By a 5-2 vote, the council approved plans to transform a .45-acre patch of vacant land in the heart of St. Paul into a city park, complete with trees, walking paths and a pool of water stretching into a playground. Officials expect work on the park at E. 10th and Robert streets to be finished in 2019.
All of it was made possible by the city’s sale of the former Public Safety Annex building on the same block. The Housing and Redevelopment Authority (HRA) and City Council voted to approve Minneapolis-based Ackerberg Group as developer of the former annex building, built in 1925. Ackerberg plans to redevelop the building into modern office and retail space.
Ackerberg is paying $1.4 million for the annex and will contribute another $40,000 a year for 20 years to maintain and operate the park. The rest of the money for the $3.8 million park will come from $200,000 in parkland dedication funds and $2.23 million from the city’s capital improvement budget.

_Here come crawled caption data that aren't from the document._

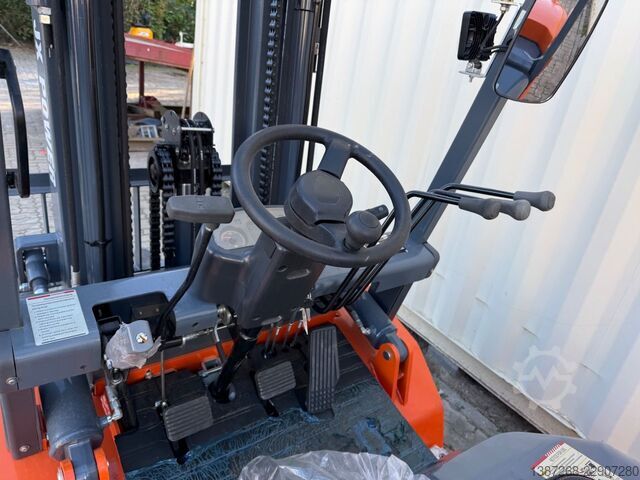 Carretilla elevadora frontal  JX Power CPCD35 / 3.5T Diesel /Sideshift/Freihub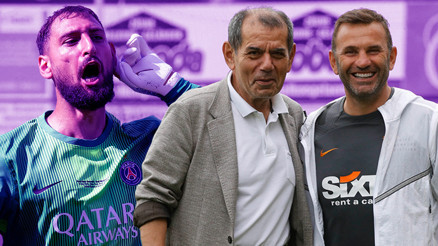 Galatasaraya Donnarumma müjdesi Heyecanlandıran transfer gelişmesini Fransızlar duyurdu
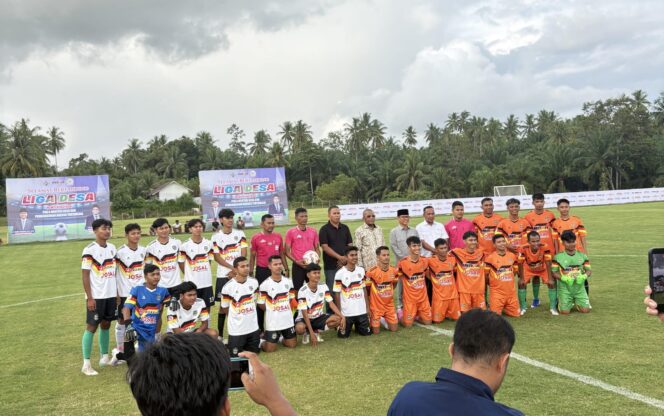 
					Bangun Akademi Sepakbola Berbasis Pesantren, Mentri Desa Apresiasi Arisal Aziz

Neighbors of the park, some of whom held signs saying “Keep the Promise,” said they felt betrayed.
They have long sought a larger park, something they said the city promised to do once the Public Safety Annex was razed. Instead, city officials last year decided to sell the building and create a much smaller Pedro Park instead.

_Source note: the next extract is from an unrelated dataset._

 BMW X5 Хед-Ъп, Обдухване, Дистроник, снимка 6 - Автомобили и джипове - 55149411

Neighbors say they were willing to wait for what they wanted. Now, they fear that option is off the table.
“It’s trading a long-term vision for a short-term gain,” said Patricia Flaherty, who said she was heartbroken by the process. “We see it as designated parkland. The city doesn’t.”
Bob Mike, another Pedro Park neighbor, said the city is wasting an opportunity to develop a much more valuable park for downtown’s booming residential population, a park that would increase property values and attract additional neighboring investment.
“This is about the only green space potential that is left, and the city is looking the other way,” he said.
Parks and Recreation Director Mike Hahm said the park still could expand into other nearby properties. Without the annex sale, he said, there would be no money to build a park.
“The resources that are on the table now are very specific to this opportunity,” Hahm said. Without it, “we wouldn’t be talking about making improvements on this block.”
The Pedro family donated the site of the former Pedro Luggage building to the city in 2009 to use as a park, and the city had planned to eventually demolish the Public Safety Annex and combine that lot with the donated land to create a larger park.
But last year, city officials started soliciting potential buyers to turn the annex into office space. In November, the HRA gave Ackerberg Group tentative developer status.
Ackerberg’s offer is for more than the appraised value of the site, Planning and Economic Development officials said, and a redeveloped annex could eventually house 150 to 170 full-time jobs and contribute at least $50,000 a year in property taxes.
Friends of Pedro Park Expansion sued St. Paul in August, arguing that the city is violating its comprehensive plan and multiple ordinances — as well as promises to the Pedro family and residents — by selling the land.
Council Member Rebecca Noecker, who represents downtown, voted against the deal. “I do not believe we need to sacrifice community trust for more jobs,” she said.
She offered an amendment to raze the annex building and keep the larger lot as open space until money is raised to turn all of it into a park. Doing so would cost the city $2 million, she said, about the same as what the city is putting into the smaller Pedro Park. There are other spaces downtown available for offices and retail, she said.
Her plan may take longer to get a park, she said, “but I just reject the notion that it has to be this.”